_WORK INSTRUCTIONS:_ Beginning at the line that includes "Znbbw Spring Style", print each remaining line of the data word for word. Output nothing else.

_INPUT RECORDS:_
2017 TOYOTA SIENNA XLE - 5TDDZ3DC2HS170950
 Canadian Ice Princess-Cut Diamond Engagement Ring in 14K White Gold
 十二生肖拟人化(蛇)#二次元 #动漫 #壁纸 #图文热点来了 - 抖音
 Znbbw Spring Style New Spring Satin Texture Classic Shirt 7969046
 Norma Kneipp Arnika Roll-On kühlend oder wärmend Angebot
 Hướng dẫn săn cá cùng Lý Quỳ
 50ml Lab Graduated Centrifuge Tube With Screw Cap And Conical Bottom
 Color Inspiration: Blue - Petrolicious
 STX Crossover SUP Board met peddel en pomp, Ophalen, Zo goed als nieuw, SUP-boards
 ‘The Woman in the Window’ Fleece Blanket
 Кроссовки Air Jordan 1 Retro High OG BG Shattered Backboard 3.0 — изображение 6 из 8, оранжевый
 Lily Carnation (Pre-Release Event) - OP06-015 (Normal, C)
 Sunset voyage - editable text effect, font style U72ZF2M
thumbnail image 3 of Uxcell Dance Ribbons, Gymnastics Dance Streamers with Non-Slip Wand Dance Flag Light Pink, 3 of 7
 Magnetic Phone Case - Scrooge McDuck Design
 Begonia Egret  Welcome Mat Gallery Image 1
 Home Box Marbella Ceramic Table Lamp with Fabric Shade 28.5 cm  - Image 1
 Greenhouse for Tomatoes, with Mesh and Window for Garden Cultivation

_YOUR SOLUTION:_
 Znbbw Spring Style New Spring Satin Texture Classic Shirt 7969046
 Norma Kneipp Arnika Roll-On kühlend oder wärmend Angebot
 Hướng dẫn săn cá cùng Lý Quỳ
 50ml Lab Graduated Centrifuge Tube With Screw Cap And Conical Bottom
 Color Inspiration: Blue - Petrolicious
 STX Crossover SUP Board met peddel en pomp, Ophalen, Zo goed als nieuw, SUP-boards
 ‘The Woman in the Window’ Fleece Blanket
 Кроссовки Air Jordan 1 Retro High OG BG Shattered Backboard 3.0 — изображение 6 из 8, оранжевый
 Lily Carnation (Pre-Release Event) - OP06-015 (Normal, C)
 Sunset voyage - editable text effect, font style U72ZF2M
thumbnail image 3 of Uxcell Dance Ribbons, Gymnastics Dance Streamers with Non-Slip Wand Dance Flag Light Pink, 3 of 7
 Magnetic Phone Case - Scrooge McDuck Design
 Begonia Egret  Welcome Mat Gallery Image 1
 Home Box Marbella Ceramic Table Lamp with Fabric Shade 28.5 cm  - Image 1
 Greenhouse for Tomatoes, with Mesh and Window for Garden Cultivation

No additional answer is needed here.